Ratatosk is the squirrel who there shall run
On the ash-tree Yggdrasil;
From above the words of the eagle he bears,
And tells them to Nithhogg beneath.


From Grimnismol, translation from Old Norse by Henry A. Bellows


We began our work on this project with recalling how we used to play in our favorite trees in the forest. There was no differentiation between spaces created through play and play in itself. This raised the question of how we can recapture this embedded interwoven reality of play, reflection and experimentation.


“Ratatosk” was designed in an analogical mode, through a sequence of playful encounters and empirical steps: selecting trees, 3D scanning, 3D modelling, exploring, CNC milling, assembling and synthesizing them into a new whole.


Our site, the courtyard of V&A Museum in London, with its proximity to the elegant red brick museum building, prompted our decision against the design of a small traditional building. Instead, referring the to the long tradition of British park architecture, we created a “tree folly”.

 

After extended research for the selection of a suitable tree species, we chose locally sourced pollarded/coppiced ash trees. The selection fulfilled the needs of our initial design intent, with their characteristic short trunks and spindly branches. The trees were cut at their bases and split, then scanned and 3d modelled, so as to be ready for our digital interventions.


Scaled plastic prototypes enabled us to experiment, both virtually and physically, with positioning of the 10 half-trees in relation to each other. The trees were ultimately connected in a ring, their trunks linked at their branches, maximising stability and stiffness, eliminating the need for any additional structural support. The ring achieved the spatial quality we envisioned: an intimate but, at the same time, airy and open assembly.

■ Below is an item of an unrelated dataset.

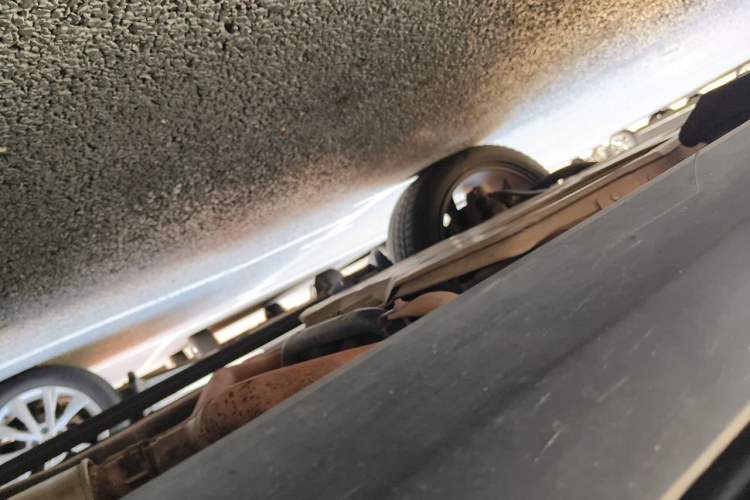 Used Land Rover Discovery  Chassis Rear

After the trees were positioned, we designed a CNC milling pattern which unified the interior surfaces of all ten half-trees, while. The milling reflected the trees’ intrinsic qualities such as fiber direction, formation of branches as well as their performative potential for activities such as climbing, sitting, imagining etc. The smooth refinement of the interior surface of the trees contrasts starkly with the rough bark exterior.


All parts of the trees, trunk, bark, wood chippings, roots and branches were refined and assembled together into a new whole. The roots were milled and grafted with additional support and serve as fundaments. Trunks and roots are connected with slotted in timber-taps. The roof is woven of sliced branches, which are mounted to the branch-stumps. Bark and wood chippings filled into netting created pillows are moulded and utilized as a soft play and protecting landscape. The result is a prefabricated kit, which was developed on a number of integration levels simultaneously, and challenged the traditional sequence of the design process.